Wimmer’s Comment
Michael Wimmer regularly comments on the latest developments in culture, education and politics in his german commentaries. These are complemented by his own encounters and experiences as a lecturer, author and consultant.
Künstler und Menschen – Ein Fall für die Kulturpolitik
In der oft allzudrögen Diktion kulturpolitischer Texte vor allem im deutschsprachigen Raum (Stichwort: Soziokultur) ist es selten, dass einem bei der Lektüre ein Licht aufgeht.
Bei mir ear das zuletzt der Fall bei François Matarassos “A Restless Art” ( https://arestlessart.com/ ). Was dieser Verfechter von “Community Art” anhand einer Vielzahl von Beispielen verhandelt ist nicht mehr und nicht weniger als die Grundlage eines überfälligen Paradigmenwechsels der Kulturpolitik.
Noch nie ist mir so unmittelbar bewußt geworden, wie sehr weite Teile des Kulturbetriebs mit ihrem Bedürfnis, Künstler*innen und ihrem Repräsentationsbedürfnis vom großen Rest der Menschen zu trennen, hinter den Ansprüchen einer demokratischen Gesellschaft hinterherhinken.
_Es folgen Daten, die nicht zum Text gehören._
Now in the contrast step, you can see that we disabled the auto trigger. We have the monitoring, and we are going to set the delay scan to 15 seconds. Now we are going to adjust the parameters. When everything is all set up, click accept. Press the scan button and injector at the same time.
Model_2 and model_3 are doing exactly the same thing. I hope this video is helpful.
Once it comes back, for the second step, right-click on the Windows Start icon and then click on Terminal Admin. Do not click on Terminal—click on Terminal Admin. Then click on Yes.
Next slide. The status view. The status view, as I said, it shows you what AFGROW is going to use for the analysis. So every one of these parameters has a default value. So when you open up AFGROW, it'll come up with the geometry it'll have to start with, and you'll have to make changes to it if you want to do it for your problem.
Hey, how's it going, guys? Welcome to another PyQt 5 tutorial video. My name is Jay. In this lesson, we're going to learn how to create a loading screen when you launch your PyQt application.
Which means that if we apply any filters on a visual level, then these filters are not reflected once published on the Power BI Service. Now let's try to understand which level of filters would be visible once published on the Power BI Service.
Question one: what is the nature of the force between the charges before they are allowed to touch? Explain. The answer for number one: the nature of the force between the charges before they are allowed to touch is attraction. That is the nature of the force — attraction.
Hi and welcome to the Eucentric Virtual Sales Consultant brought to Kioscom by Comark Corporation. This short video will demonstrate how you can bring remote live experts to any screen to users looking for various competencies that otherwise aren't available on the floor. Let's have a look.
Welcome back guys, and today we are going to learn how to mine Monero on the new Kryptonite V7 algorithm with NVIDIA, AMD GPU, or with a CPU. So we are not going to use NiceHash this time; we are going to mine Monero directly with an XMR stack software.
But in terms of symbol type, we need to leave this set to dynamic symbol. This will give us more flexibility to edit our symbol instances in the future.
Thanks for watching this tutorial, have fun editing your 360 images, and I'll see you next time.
Und damit eine Kulturpolitik, deren Sicht sich auf die Produktionsbedingungen einer Auswahl von Künstler*innen beschränkt, während sie das Gros der Menschen außer Acht lässt, zu einem Anachronismus im demokratischen Geschehen macht (Und damit den Rechtspopulisten reichlich Munition liefert bei ihrem Vorwurf, selbsternannten Eliten hätten sich in ihren Elfenbeintürmen kommod eingerichtet und kümmerten sich nicht um das Gros der Menschen)
Matarasso erzählt in seiner Analyse von einer langen Tradition, Kunst als ein herausragendes Medium, die Welt zu verhandeln, nicht nur einer kleinen Elite vorzubehalten, sondern als ein demokratisches Grundrecht allen Menschen zuzuschreiben. Und zwar nicht nur in ihrer Eigenschaft als passive Rezipient*innen sondern als genuiner Ausdruck ihres Menschseins und in der Beziehung mit anderen.
Das ist noch immer einer revolutionärer Gedanke. Denn er bedeutet, dass die historische Phase, in der einige wenige Künstler*innen Kunst in erster Linie für sich und in zweiter Linie für Ihresgleichen und erst in dritter Linie für eine Auswahl von Nicht-Künstler*innen gemacht hat, sich dem Ende zuneigt.
Und wir auf der Höhe demokratischer Ansprüche in eine neue Phase eintreten, in der sich Kunst zu einem Gemeinschaft stiftenden Medium weiter entwickelt, an dem alle Menschen gleichermaßen Anteil haben können. Und damit alle eingeladen sind, aktiv mitzuwirken an der ästhetischen Ausgestaltung der Welt, sei es als professionelle Künstler*innen oder sei es als nicht-professionelle Künstler*innen.
Es ist augenscheinlich, dass ein solcher Anspruch Kulturpolitik von oben nach unten kehrt:
Weil sie sich künftig daran orientieren wird müssen, dass sie eine Angelegenheit aller Menschen ist. Und sich nicht auf eine anwaltschaftliche Funktion für ein paar Künstler*innen, die sich gegen alle von ihnen abgewerteten Nicht-Künstler*innen abgrenzen, da zu sein hat.
Beendet wird damit – endlich – ein ungleiches Machtverhältnis, in dem sich seit dem Ende des 18. Jahrhunderts ein paar Selbstdarsteller einem Statuts aufgeschwungen haben, um fortan über Kunst einseitig verfügen zu können (inklusive der damit verbundenen, der Gesellschaft aufgezwungene Qualitätsansprüche) während sich alle anderen deren Vorgaben zu beugen hatten bzw. erst garnicht auf die Idee gekommen sind, im Feld der Kunst eine eigenständige, und schon gar nicht aktive Rolle zu spielen.
Mararasso macht deutlich, dass wir damit mit hundertjähriger Verspätung endgültig in eine Sackgasse geraten sind,
Vielleicht sollten all diejenigen, die gerade dabei sind, eine neue kulturpolitische Strategie zu entwerfen, einen Blick in “A Restless Art” werfen.